Post by blindpig » Wed Apr 25, 2018 1:53 pm

OPCW Finds No Chemical Weapons At Syrian Facilities Bombed By US – Russian MoD
SYRIA NEWS
On Apr 25, 2018

Image

Last week, the fact-finding mission of the Organisation for the Prohibition of Chemical Weapons (OPCW) visited a site in the Damascus suburb of Douma to collect samples in connection with the alleged April 7 chemical attack.

Chief of the Main Operational Directorate of the Russian General Staff Col. Gen. Sergey Rudskoy has announced that the Organisation for the Prohibition of Chemical Weapons (OPCW) had confirmed that there were no chemical weapons found at the Barzeh research center in Damascus despite the US officials’ claims.

The ministry further noted that thousands of people could have died if there was any chemical weapon on the sites that were attacked by the US-led coalition.

“Shortly after the airstrikes, many people visited those sites without any protective equipment. No one got any signs of gas-poisoning,” Colonel-General Sergey Rudskoy said.

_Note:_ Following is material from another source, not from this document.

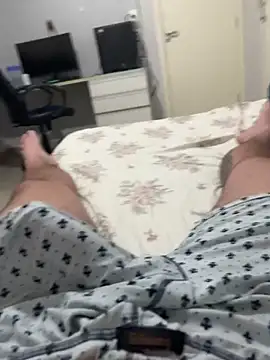 Novinho16cmz online show from October 13, 1:11 am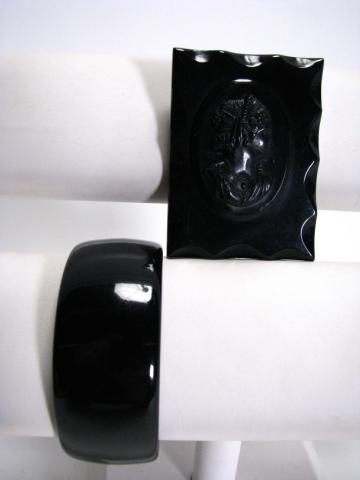 Appraisal: Black bakelite bangle and applied cameo pin excellent condition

Russian specialists are examining missiles of the US-led coalition, including Tomahawk, which were captured in Syria to improve Russian weapons, Rudskoy said Wednesday.

“Two [missiles] including Tomahawk cruise missile and a high-precision aviation missile were delivered to Moscow… They are now being examined by our experts. The results of this work will be used to improve Russian weapons,” he told a briefing.

Rudskoy further noted that only seven western missiles struck the Syrian Han Shinshar facility, which allegedly housed chemical weapons, not 22 as the Pentagon claims.

Rudskoy stressed that chemical weapons were never developed or stored in Han Shinshar, located in the province of Homs, adding that the storage was struck twice, not seven times, as the US side claims.

“According to the statements of the Pentagon’s representatives, 22 missiles hit the above-ground facilities. We registered no more than seven hits, which is shown in the space image,” he told a briefing.

At the same time, according to the senior military official, Russia will supply new air defense systems to Syria in the near future.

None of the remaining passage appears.